Hello All,
The following article follows some of the arguments made here on Pen-L about
Singer and the ethics of killing disabled babies.  I'll let the activist
speak for herself.  She admits to being caught out to racist views at one
point in her article, so let's not pretend that being disabled is free from
prejudice, nor forgive prejudice when it appears.

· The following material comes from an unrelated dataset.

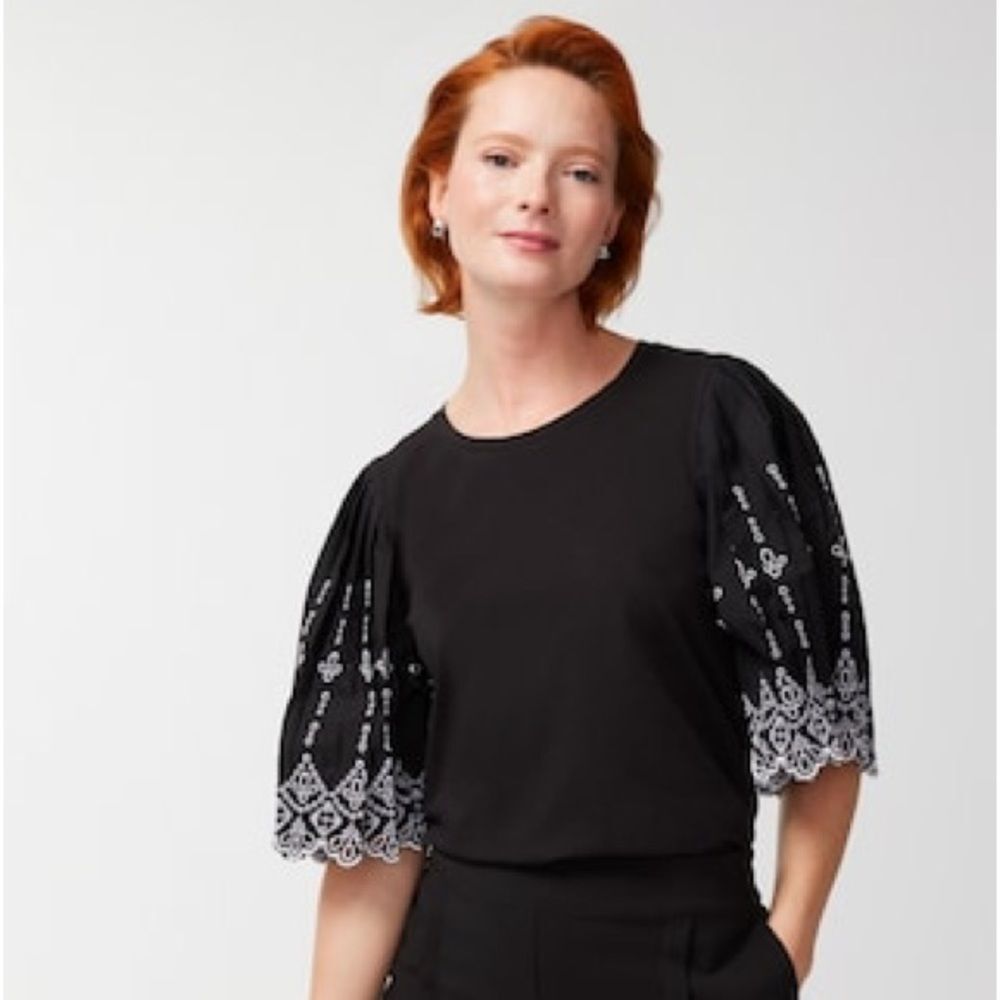 Chico’s Women’s Embroidered Pleat Sleeve Tee Black Size 3/XL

I want to put forward a brief comment about disability rights though.  The
most difficult area for disability rights has been and will continue for
some time to be cognitive disabilities.  Learning disabilities like
attention deficit disorder are making some headway in the public access, but
severe developmental disabilities remain the area where people like Singer
can argue about the ethics of killing disabled people.  Singer means society
has a right to execute the disabled in various free floating categories as
infants, teenagers, and adults.  See the magazine article below.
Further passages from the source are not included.